PROBLEM DETAILS
Once you find the line below that has "miRNA-324-5p acts onto", output it and every line after it exactly, stopping after the line that has "Implant Protected Occlusion", with no pictures.

DATA TO EXAMINE
---
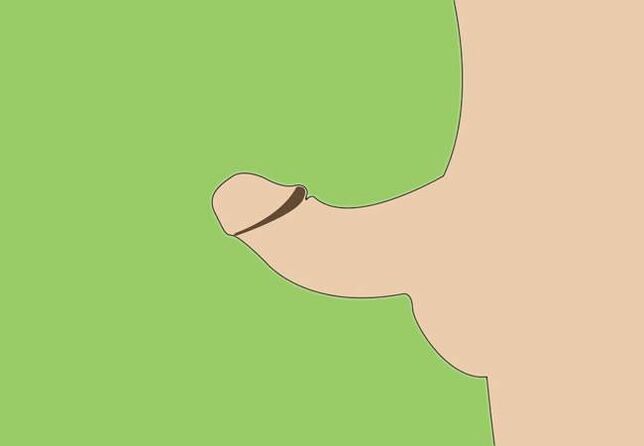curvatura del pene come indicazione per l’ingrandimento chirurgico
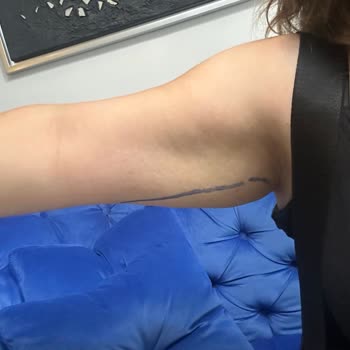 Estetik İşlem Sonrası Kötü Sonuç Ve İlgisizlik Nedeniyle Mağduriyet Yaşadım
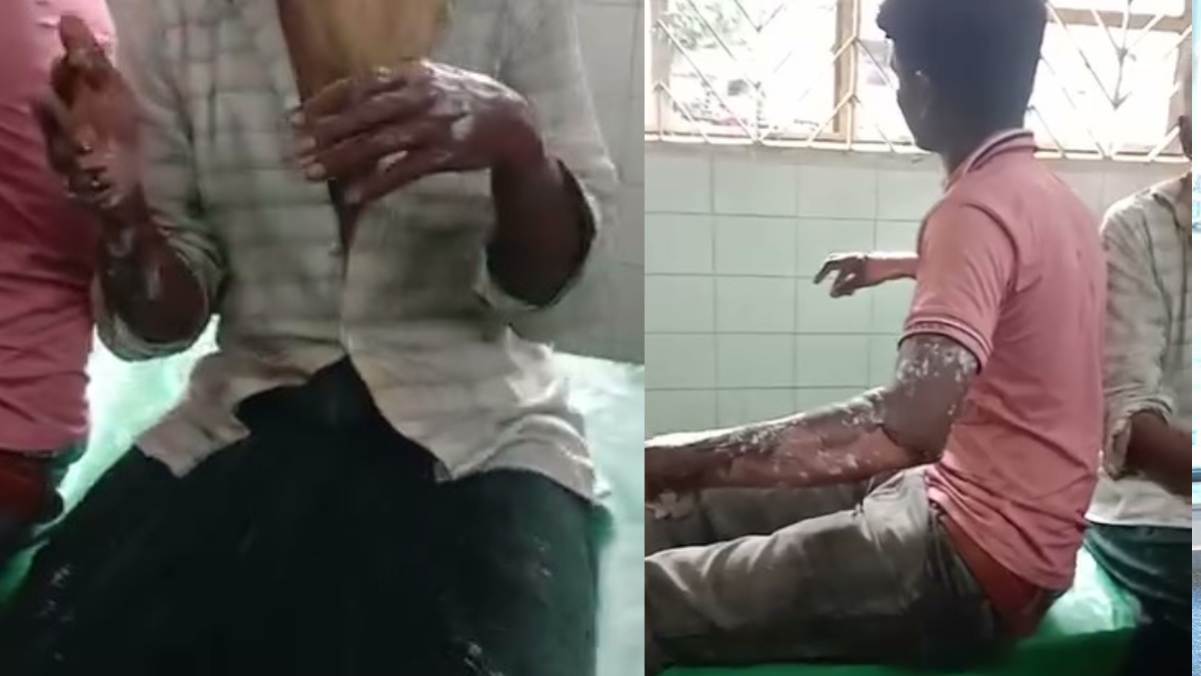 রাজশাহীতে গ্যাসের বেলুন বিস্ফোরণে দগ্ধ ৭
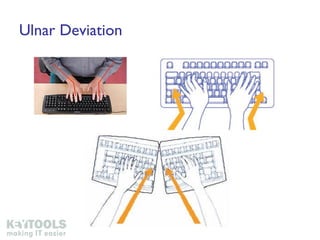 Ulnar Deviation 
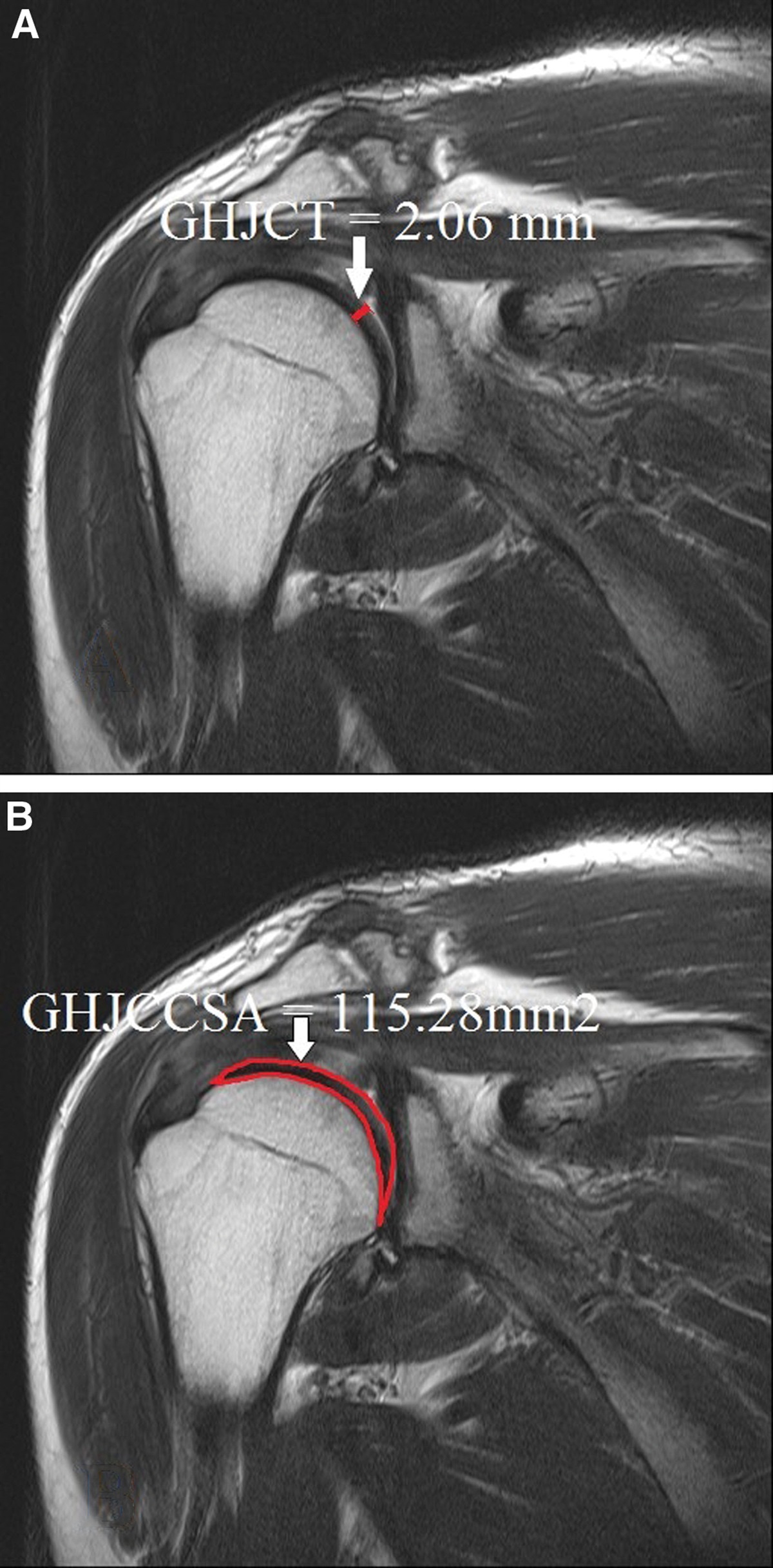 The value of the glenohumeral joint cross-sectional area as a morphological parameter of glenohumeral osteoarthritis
---
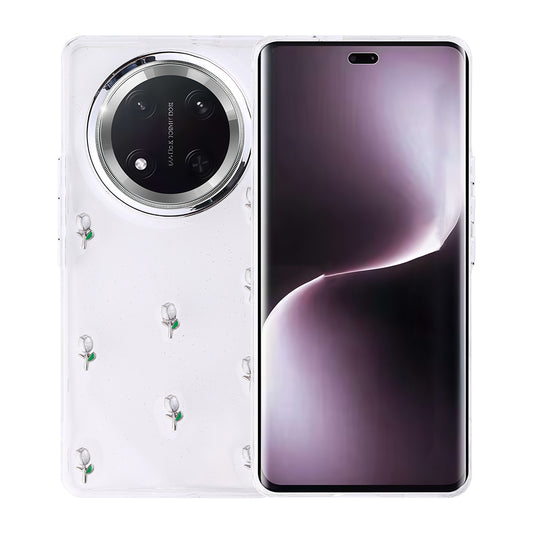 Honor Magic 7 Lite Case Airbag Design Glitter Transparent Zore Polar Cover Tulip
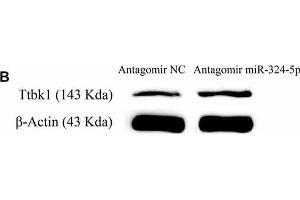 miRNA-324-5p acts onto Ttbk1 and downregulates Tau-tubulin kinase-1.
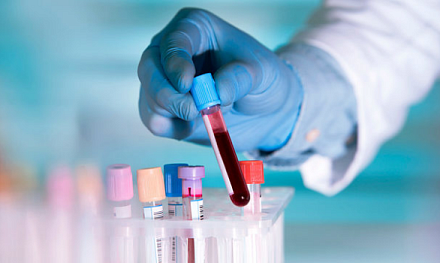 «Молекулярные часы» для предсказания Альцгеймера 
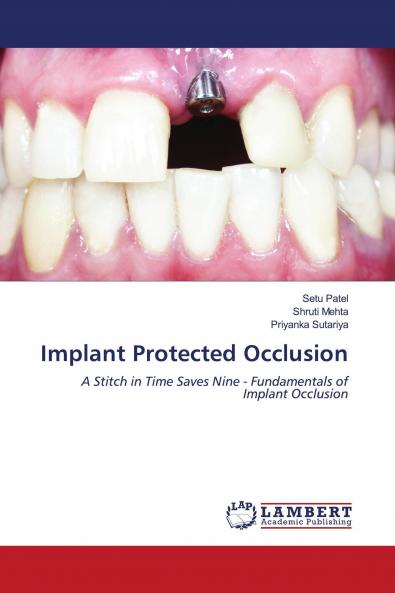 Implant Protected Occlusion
---
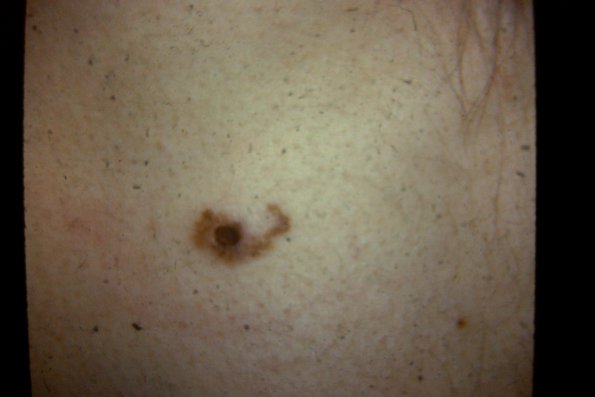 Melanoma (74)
---
TASK RESPONSE
 miRNA-324-5p acts onto Ttbk1 and downregulates Tau-tubulin kinase-1.
 «Молекулярные часы» для предсказания Альцгеймера 
 Implant Protected Occlusion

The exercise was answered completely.